▸ **Task brief**:
Look in the data below for the line that has "124546 Rival Arms", then print exactly every line from there through the line that has "Doom [Dome] Bed, in", leaving pictures out.

Material provided Block Start

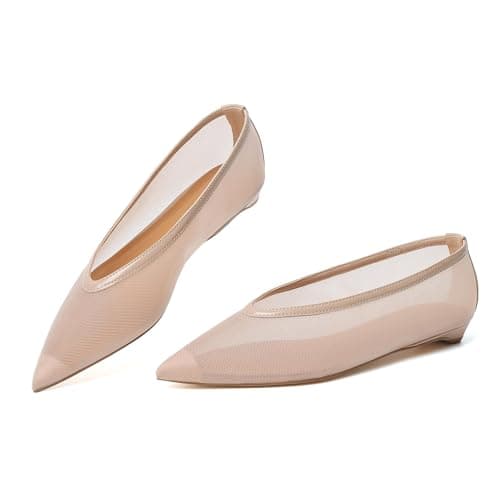 Reitoye Nude Mesh Flats for Womens Closed Pointed Toe Ballet Flat Comfortable Dressy Work Slip On Casual Shoes Womens Flats Size 8 - Image 1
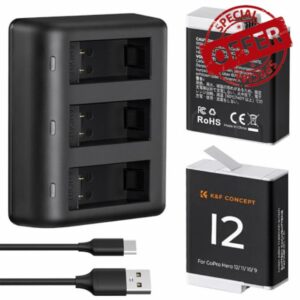 K&F Concept Gopro Hero 12 Battery 2-Pack Enduro Battery and 3-Channel Fast Battery Charger for Gopro Hero 12 11 10 9 Black 1720mAh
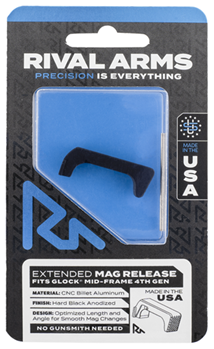 124546 Rival Arms RA72G002A Magazine Release  Extended Black Anodized Aluminum for Gloc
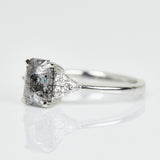 Platinum salt and pepper emerald cut diamond engagement one-of-a-kind ring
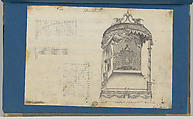 Doom [Dome] Bed, in Chippendale Drawings, Vol. I, Thomas Chippendale (British, baptised Otley, West Yorkshire 1718–1779 London), Black ink, gray wash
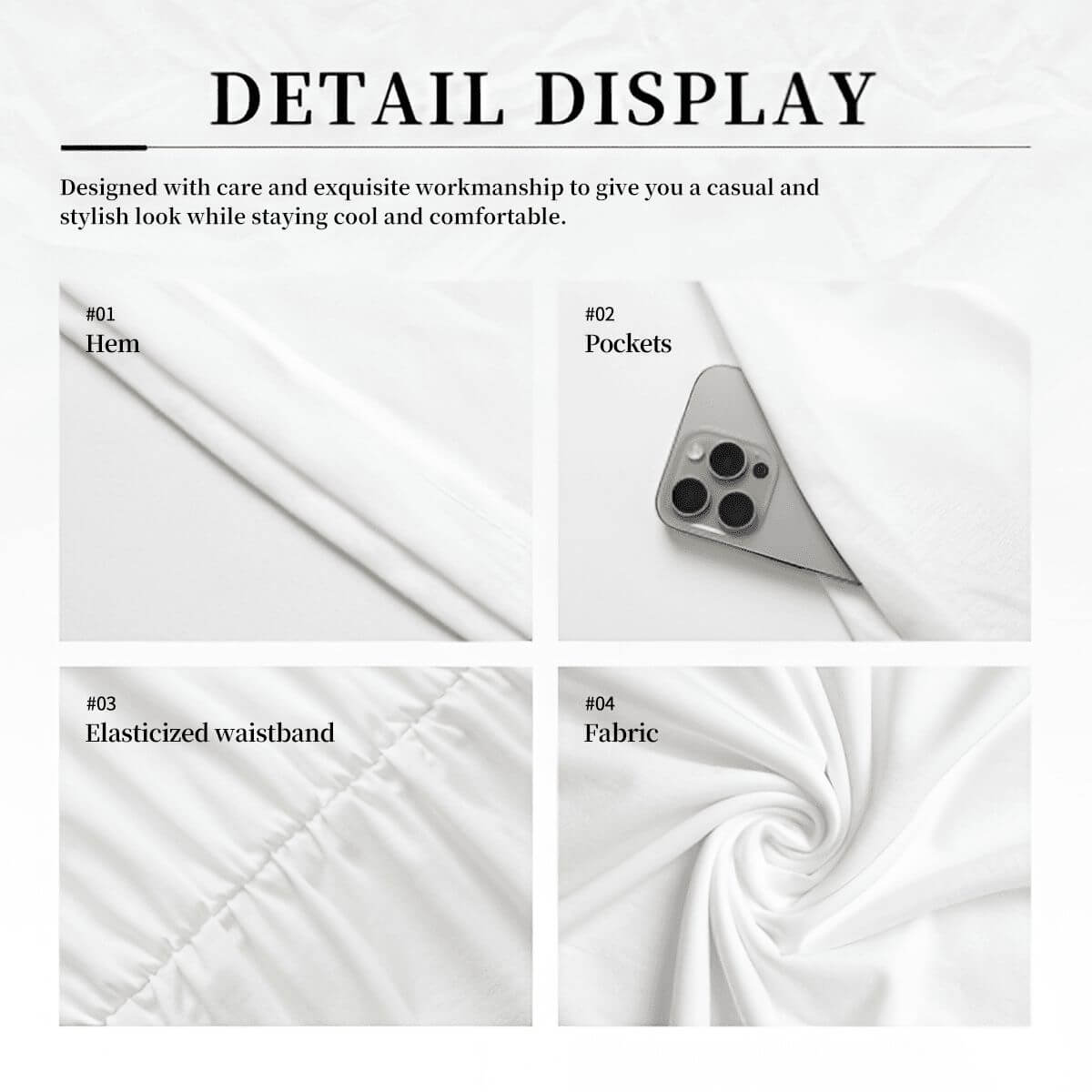 Detail display of a women's t-shirt dress showcasing hem, pockets, elasticized waistband, and soft fabric.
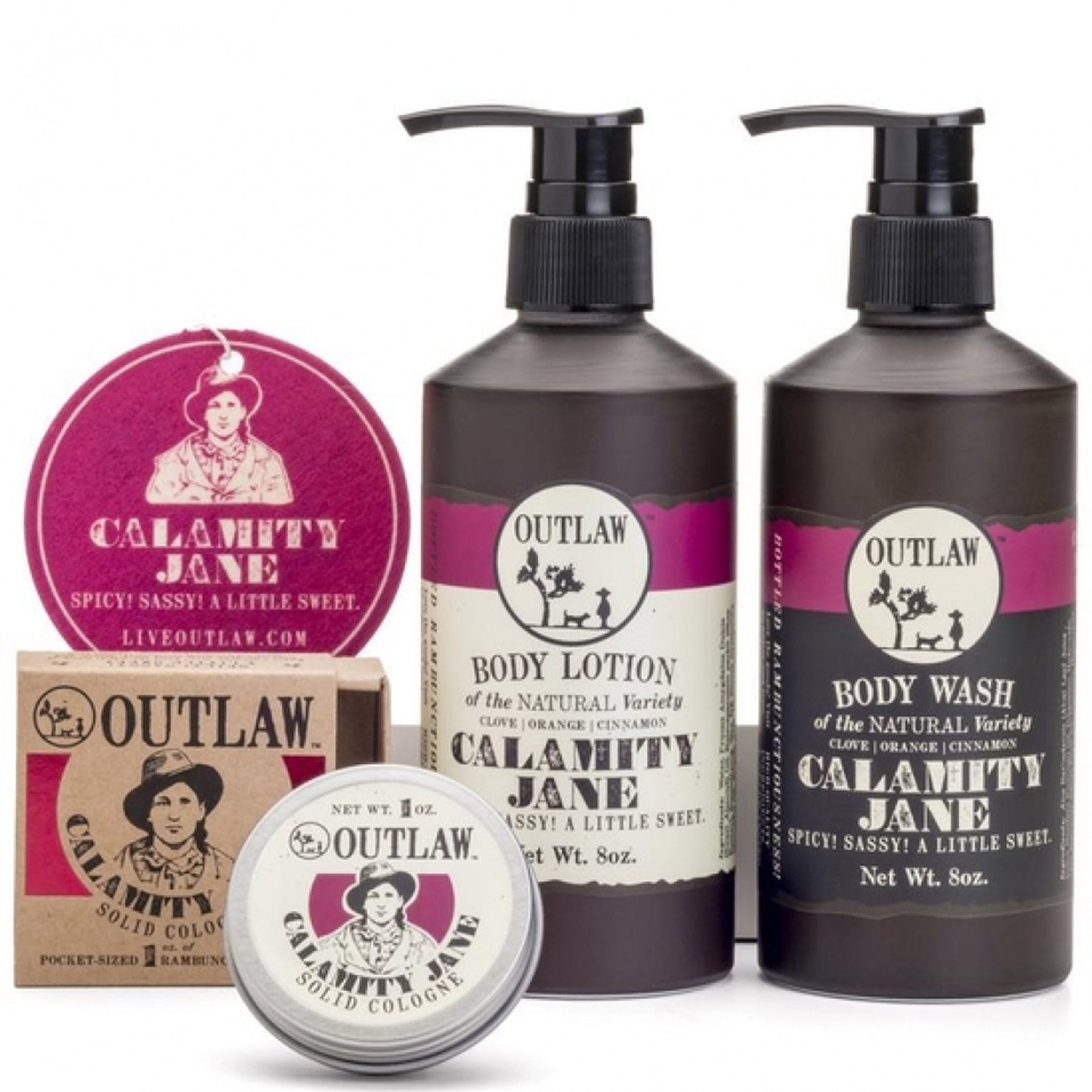 Calamity Jane smells like clove, orange, cinnamon, and a kick of whiskey (of course!). It's quickly growing in popularity as one of our most beloved scents, and no question why: It's great for both men and women, it's sweet with a kick.&nbsp;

Material provided Block End

▸ **Answer area**:
 124546 Rival Arms RA72G002A Magazine Release  Extended Black Anodized Aluminum for Gloc
 Platinum salt and pepper emerald cut diamond engagement one-of-a-kind ring
 Doom [Dome] Bed, in Chippendale Drawings, Vol. I, Thomas Chippendale (British, baptised Otley, West Yorkshire 1718–1779 London), Black ink, gray wash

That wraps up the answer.